* **TASK INPUTS**
________________

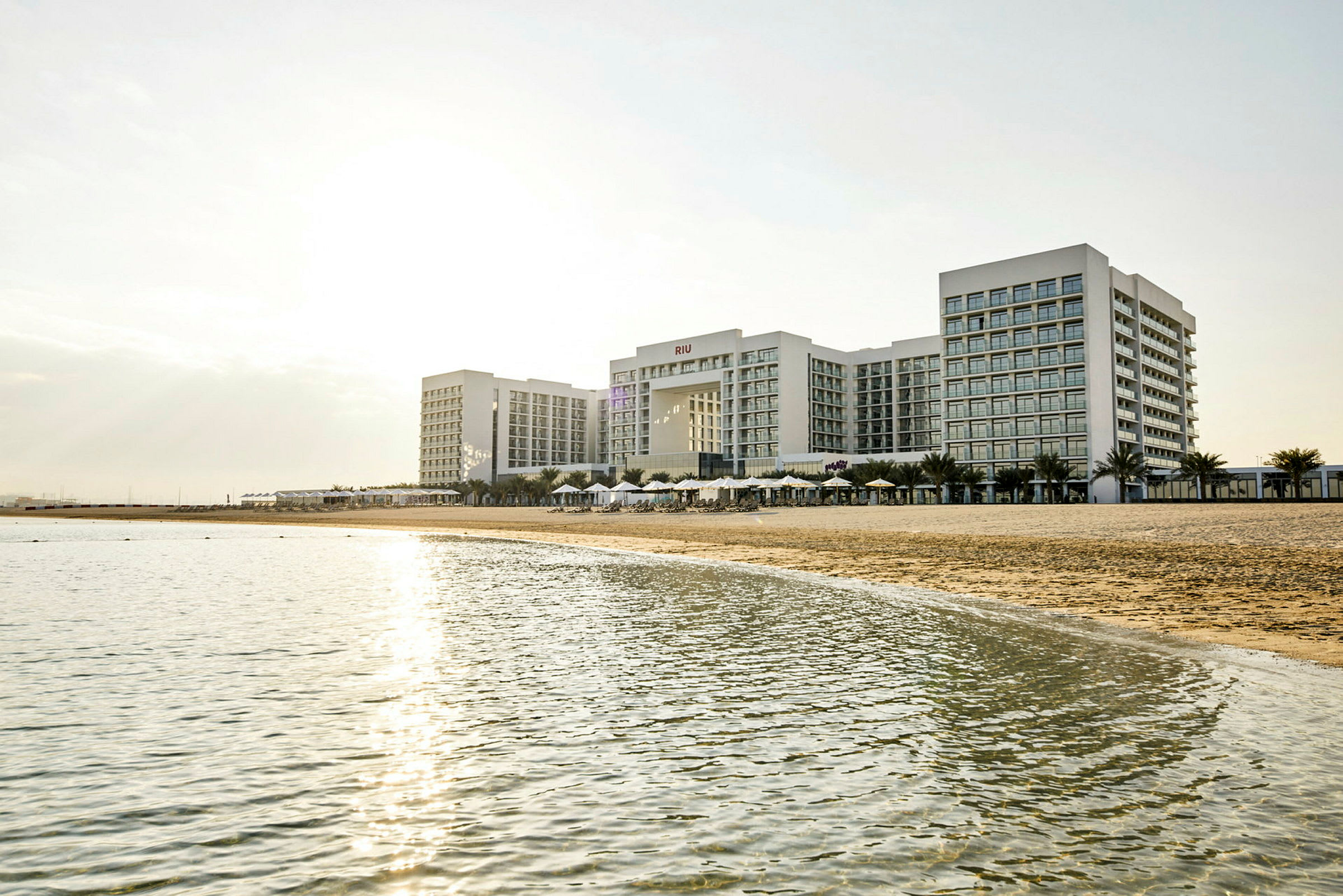Et stort hotelkompleks ved en strand med havet i forgrunden. (AI-genereret tekst)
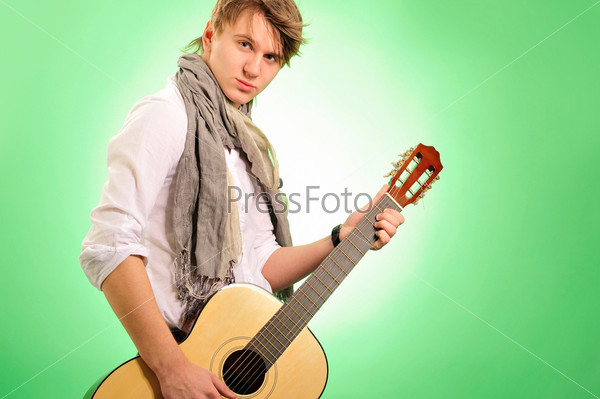 Closeup portrait of cute caucasian man playing the guitar over green background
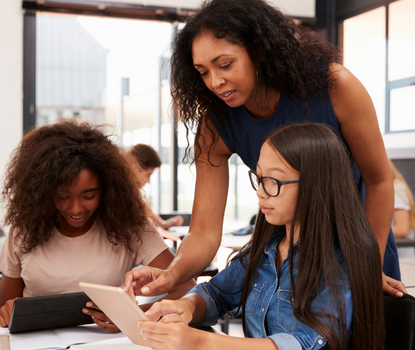 Photograph of Teacher helping two students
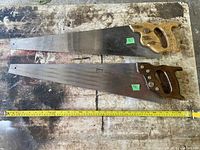 Two vintage large hand saws laid side by side showing full length, measuring tape below for scale.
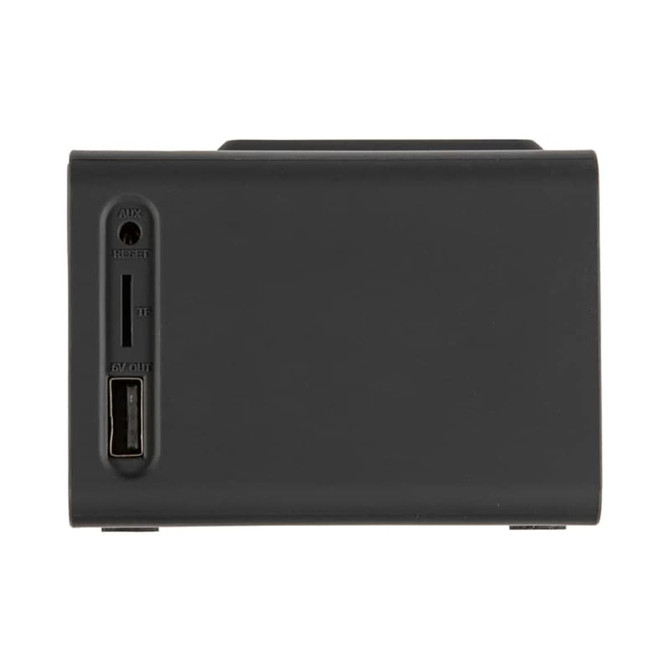 A black wireless charger speaker with ports for AUX, reset, and USB output on the side.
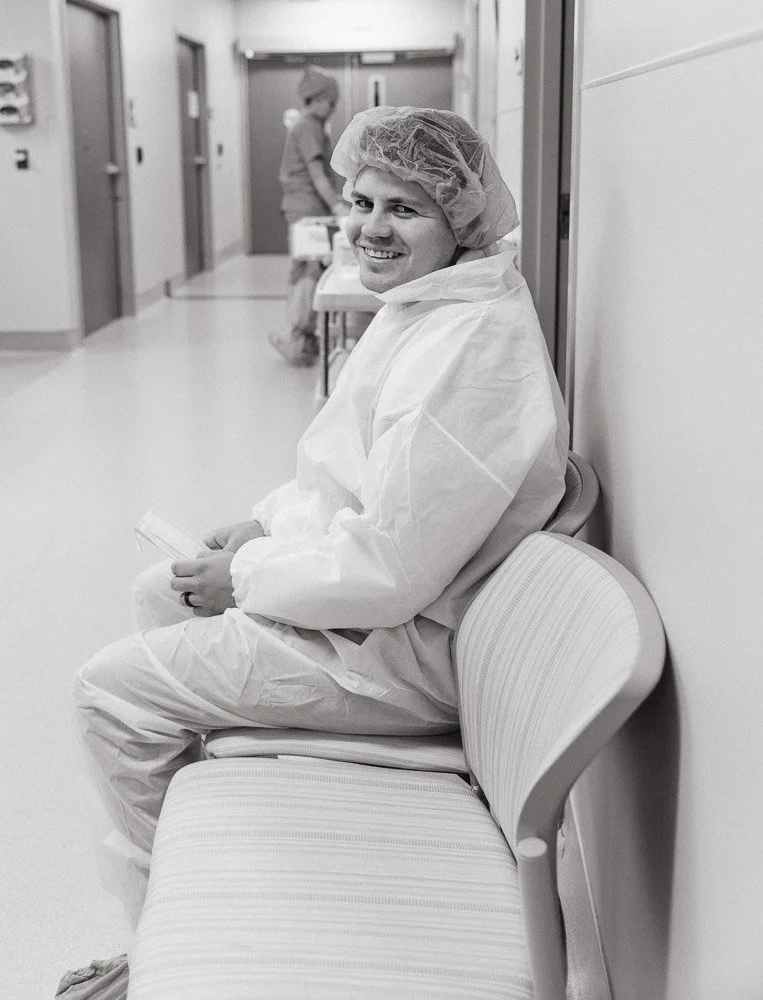 A man in medical scrubs and a hairnet sitting on a hospital waiting area bench, smiling at the camera, with a nurse in the background.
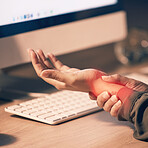 Woman, hands and wrist pain by computer from carpal tunnel syndrome or overworking at night by office desk. Hand of female holding painful arm area or preassure by PC from working late at workplace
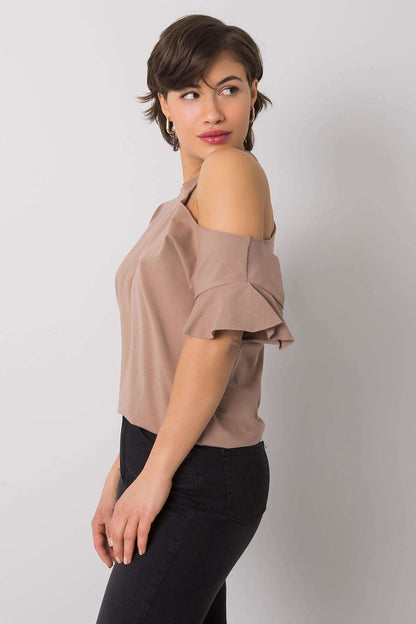 Stylish Off-Shoulder Cotton Blend Blouse with Short Sleeves in versatile beige, elegantly posed to highlight its chic design paired with form-fitting trousers.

________________

Reproduce every line of the material precisely, omitting its pictures.

Et stort hotelkompleks ved en strand med havet i forgrunden. (AI-genereret tekst)
 Closeup portrait of cute caucasian man playing the guitar over green background
 Photograph of Teacher helping two students
 Two vintage large hand saws laid side by side showing full length, measuring tape below for scale.
 A black wireless charger speaker with ports for AUX, reset, and USB output on the side.
 A man in medical scrubs and a hairnet sitting on a hospital waiting area bench, smiling at the camera, with a nurse in the background.
 Woman, hands and wrist pain by computer from carpal tunnel syndrome or overworking at night by office desk. Hand of female holding painful arm area or preassure by PC from working late at workplace
 Stylish Off-Shoulder Cotton Blend Blouse with Short Sleeves in versatile beige, elegantly posed to highlight its chic design paired with form-fitting trousers.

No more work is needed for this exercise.